Feldkircher Agrar-Causa: Verfahren wird wohl Jahre dauern

Seit gut einem Jahr werden die seinerzeitigen Grundübertragungen der Stadt Feldkirch an die Agrargemeinschaft Feldkirch vom Land geprüft. Um was es geht, was bisher geschehen ist und wie die Erfolgschancen stehen.
Am 4. Juli 2023, also vor mehr als einem Jahr, hat die Feldkircher Stadtvertretung einen historischen Beschluss gefasst. Einstimmig sprachen sich die Mandatare dafür aus, in der Agrarfrage das Land anzurufen. In einem sogenannten Feststellungsverfahren soll geklärt werden, ob die Grundteilungen zwischen der Stadt Feldkirch und den Agrargemeinschaften Altenstadt, Tisis und Tosters im Jahr 1960 rechtens waren. Was seit dem Beschluss geschehen ist, wie die Erfolgsaussichten für die Stadt sind und was eigentlich festgestellt werden soll, hat die NEUE im Folgenden zusammengefasst.
1. Was ist seit dem Beschluss vor mehr als einem Jahr passiert?

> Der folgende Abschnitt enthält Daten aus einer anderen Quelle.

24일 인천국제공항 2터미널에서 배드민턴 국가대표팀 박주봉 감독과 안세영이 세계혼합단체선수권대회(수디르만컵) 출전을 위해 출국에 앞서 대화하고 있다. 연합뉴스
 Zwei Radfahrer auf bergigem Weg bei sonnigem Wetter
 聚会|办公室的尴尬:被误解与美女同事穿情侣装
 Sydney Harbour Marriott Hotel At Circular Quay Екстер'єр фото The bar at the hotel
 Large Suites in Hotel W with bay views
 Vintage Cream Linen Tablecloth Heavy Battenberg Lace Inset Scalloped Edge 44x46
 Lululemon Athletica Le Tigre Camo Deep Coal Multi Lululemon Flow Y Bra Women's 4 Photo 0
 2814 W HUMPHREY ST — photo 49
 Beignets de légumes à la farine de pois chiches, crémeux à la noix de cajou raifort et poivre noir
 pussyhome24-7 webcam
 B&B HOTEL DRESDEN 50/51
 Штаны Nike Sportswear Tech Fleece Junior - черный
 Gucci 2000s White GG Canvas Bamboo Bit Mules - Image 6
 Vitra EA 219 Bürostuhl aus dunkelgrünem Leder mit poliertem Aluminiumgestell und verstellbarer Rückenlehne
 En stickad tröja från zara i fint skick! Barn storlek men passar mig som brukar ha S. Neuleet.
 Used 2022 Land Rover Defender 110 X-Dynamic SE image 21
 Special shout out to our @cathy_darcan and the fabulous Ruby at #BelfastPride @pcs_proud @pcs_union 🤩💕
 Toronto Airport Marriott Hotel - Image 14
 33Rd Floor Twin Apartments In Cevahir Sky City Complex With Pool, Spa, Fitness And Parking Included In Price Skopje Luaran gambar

Antwort: Die Agrarbehörde, also die Abteilung Landwirtschaft und ländlicher Raum im Amt der Landesregierung, hat nach eigenen Angaben „umgehend das jeweils erforderliche Ermittlungsverfahren eingeleitet“. In einem ersten Schritt wurden die betroffenen Agrargemeinschaften (Altenstadt, Tisis und Tosters) vom jeweiligen Antrag in Kenntnis gesetzt. In der Folge hatten die Agrargemeinschaften die Möglichkeit, entsprechende Stellungnahmen und Gegenäußerungen abzugeben, die der Stadt Feldkirch im Rahmen des Parteiengehörs übermittelt wurden. Bereits bei den ersten Stellungnahmen kam es zu einer zeitlichen Verzögerung. So hat nur die Agrargemeinschaft Altenstadt die Frist (Ende September 2023) eingehalten, die wesentlich kleineren Agrargemeinschaften (Tisis und Tosters) haben um Fristerstreckung angesucht und ihre Stellungnahmen erst Monate später abgegeben.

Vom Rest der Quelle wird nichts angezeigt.